The forecast for a sharp drop in the deficit will also rest on the assumption that the economy recovers from the current slump before the end of the president's first term. The official declined to say how any additional spending on economic stimulus or bailouts of the financial or other sectors -- actions many economists consider inevitable -- would affect the upbeat deficit projection.
The budget will also detail some of the federal programs Mr. Obama will propose to eliminate or streamline, with more details to come later in the spring, the administration official said.
After unveiling an economic rescue program with a cost likely to exceed a trillion dollars, the president is now eager to emphasize his commitment to fiscal rectitude over the long term. On Monday, the White House convenes a summit on fiscal discipline, to begin tackling the burgeoning costs of entitlements such as Social Security and Medicare, address the tax code and look at budget rules to force austerity.
On Tuesday night, an address to a joint session of Congress will focus on the shared sacrifices needed to tame a national debt that is nearing $11 trillion, counting the $4.3 trillion in borrowed funds from Social Security. And on Thursday, Mr. Obama will unveil a budget blueprint that tips his hand on long-term tax, entitlement, energy and health-care policies.
The $533 billion deficit in 2013 will include anticipated costs for his plan to offer near-universal health care. It will also include revenues from a planned greenhouse-gas reduction effort in which businesses will have to purchase permits from the government to emit carbon dioxide and other emissions contributing to global warming. Subsidies for Medicare-managed care plans, known as Medicare Advantage, would be eliminated. Hedge-fund and private-equity managers would see their fees taxed as income, at 35% next year, not at the 15% capital gains rate.

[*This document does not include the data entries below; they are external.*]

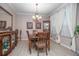 Elegant dining room featuring neutral walls, wood floors, a decorative hutch, and chandelier at 319 Bellingrath Ter, Deland, FL 32724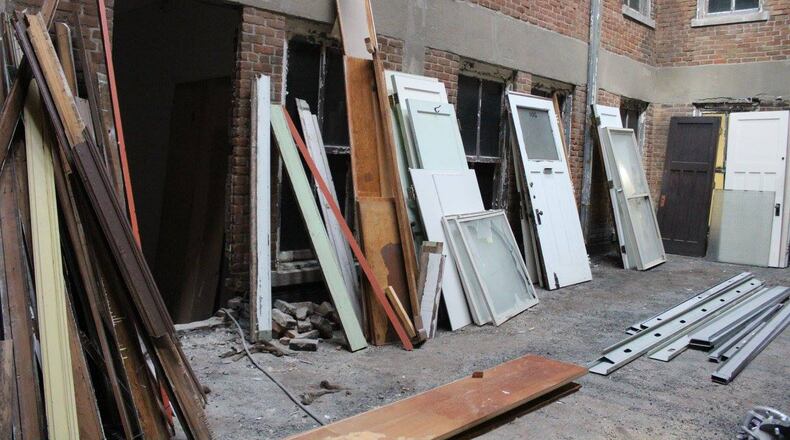 Kingswell Seminary, located on Central Avenue in Middletown, held a ribbon-cutting last week to celebrate its grand opening. The former Castell Building was purchased by Scott and Jeri Lewis in 2008, and in the 11 years since, they have renovated the five-story building. The building houses West Central Wine, Dons Pizza that is scheduled to open this month, offices Jeri Lewis uses for parades and Family Movie Nights, and a theological library. Office space is available on the third floor. The Lewises own Triad Investment Group. The building was constructed in 1915 by the Sebalds and took the name Castell because of the drug store on the corner. The building had dentist and doctor offices on the upper floor. submitted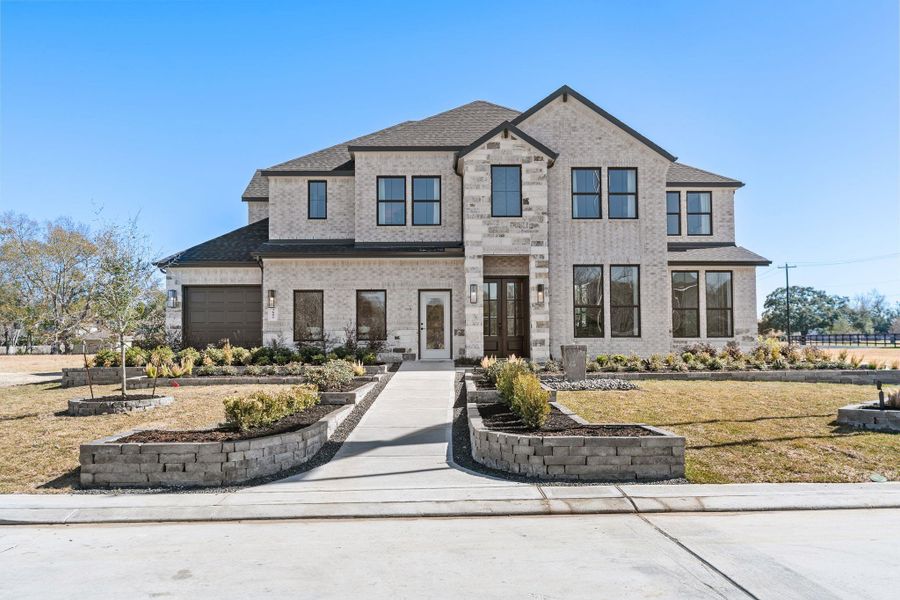 Front exterior of a new home in , Friendswood, TX, highlighting curb appeal (Image 23). Front exterior of a new home in , Friendswood, TX, highlighting curb appeal (Image 23).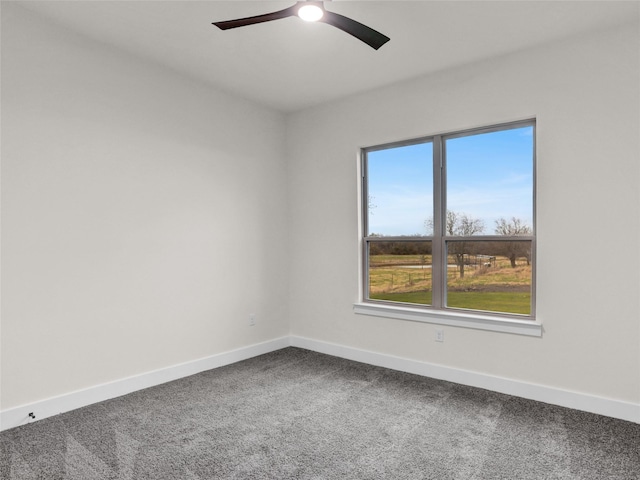 empty room featuring carpet and ceiling fan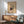 May include: Abstract modernist art poster in wood frame hanging above mid-century sideboard with white ceramic lamp. Mint green upholstered armchair with wooden arms sits beside round coffee table. Warm sunlight casts geometric shadows across white wall. Artwork features colorful geometric shapes, circles, and lines in red, blue, yellow, and black on beige background.
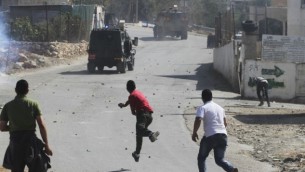صورة توضيحية فلسطينيون يرمون الحجارة على سيارة الجيش الاسرائيلي (عصام ريماوي/ فلاش ٩٠)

But administration aides say the budget will go to unprecedented lengths to show the true extent of the government's dire fiscal condition. In a break from the budget policies of the Bush administration, the Obama budget will account for future war costs in Iraq and Afghanistan and will show the annual cost of staving off the growth of the alternative minimum tax, a levy imposed in 1969 to ensure the rich pay some taxes but increasingly threatening the middle class. The cost of that AMT "patch" was $70 billion this year.
The budget will also include the cost of staving off cuts to physician reimbursements under Medicare, a budget-cutting measure approved in the 1990s but abrogated by Congress every year. And it will assume about $20 billion for disaster assistance every year, an assumption that has never been done before, although such emergency expenditures have become routine.
Including those will make the budget picture considerably worse, the administration official said. "But we're being honest, to an unprecedented degree," he added. "That is something that is very important personally to the president."
The budget will also show the cost of extending some of the programs in the two-year stimulus plan, such as the $800-per-couple Making Work Pay tax cut. It assumes the extension of the bulk of the Bush tax cuts, such as cuts to all but the top two income tax brackets. The estate tax, which is now scheduled for total repeal in 2010, will instead be preserved and extended permanently at the current levels, with an exemption on the value of estates below $3.5 million -- $7 million for couples – and a tax rate of 45% on the value of estates above that level.